Wenn auch der Chimborazo nicht der höchste Berg der Erde ist, er ist Ecuadors einziger Sechstausender. Sein Gletscher vereist wegen mangelnden Neuschnees, Erderwärmung und steigender UV-Strahlung zusehends und wird daher immer schwieriger zu besteigen. Doch so hoch wollen wir ja gar nicht hinaus. Die gut asphaltierte Straße südlich des Vulkans liegt schon auf über 4.000 m, und so ist es nur noch ein Klacks, die acht Kilometer Staubstraße bis zur Hermanos-Carrel-Hütte auf 4.800 m hochzufahren. Hier gibt es einen Parkplatz und unweit davon eine kostenlose Campingzone (S 01°28’21.0’’ W 78°50’56.6’’, 4.845 m).
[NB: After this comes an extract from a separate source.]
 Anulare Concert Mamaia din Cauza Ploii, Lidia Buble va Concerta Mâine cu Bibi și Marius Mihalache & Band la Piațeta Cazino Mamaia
In der Rangerstation an der Zufahrt (S 01°29’51.0’’ W 78°52’29.9’’) müssen wir auch diesmal nur 2 $ Einheimischen-Eintritt pro Person bezahlen, selbst der zweite Tag ist kostenlos, obwohl wir angeben, übernachten zu wollen. Zwischen 17 und 8 Uhr soll der Posten nicht besetzt sein, aber wir zahlen die 4 $ gerne, schließlich muss sich der Park finanzieren. Im Campingbereich war schon lange niemand mehr, der Schnee ist wohl zu tief. Arminius fühlt sich da richtig wohl, und wir in der verschneiten Einsamkeit unterhalb des Berggipfels natürlich auch. Nachdem der Motor aus ist, trauen sich auch die Vikunjas wieder heran. Vikunjas sind eine von vier Arten der höckerlosen Neuweltkamele. Zwei davon sind ursprüngliche Wildformen – Guanakos und Vikunjas – die anderen beiden, Lamas und Alpakas, sind Jahrtausende alte Züchtungen. Vikunjas sind mit 80 cm Schulterhöhe die zierlichsten und elegantesten, aber auch seltensten und gefährdeten Andenkamele.

Wegen ihres Fells – des feinsten und teuersten, das wir kennen – wurden sie nahezu ausgerottet. Seit fast 50 Jahren ist ihre Jagd verboten, sie werden nur zur Schur eingefangen und anschließend wieder freigelassen. Ein Tier gibt dabei lediglich ein Pfund Wolle, das Kilo kostet bis zu 500 Euro. Ihr seidenzartes Fell ist gelbbraun bis rotbraun, der Bauch ist weiß. Vikunjas haben sich von allen vier Arten am besten an ihre kalte karge Umgebung angepasst. Sie leben nie unter 3.500 m Höhe, aber über 5.000 m werden sie noch gesehen. Genügsam knabbern sie an Moosgeflechten und Gräsern, ihr Kot düngt die Bergwiesen und wirkt damit der ständig drohenden Erosion entgegen. Dank eines Wiederansiedlungsprojekts der Schweizer Regierung erholt sich der Bestand prima, trotz Gefährdung der Tiere durch wiederkehrenden Ascheregen des benachbarten Tungurahua-Vulkans, Fahrzeugen auf den Straßen und Andenfüchsen, die die Kleinkamele anfallen. Die Bauern der Umgebung bekamen Lamas und Alpakas geschenkt, im Gegenzug zogen sie die gefräßigen Schafe ab, die auch den Vikunjas die Nahrung streitig machten.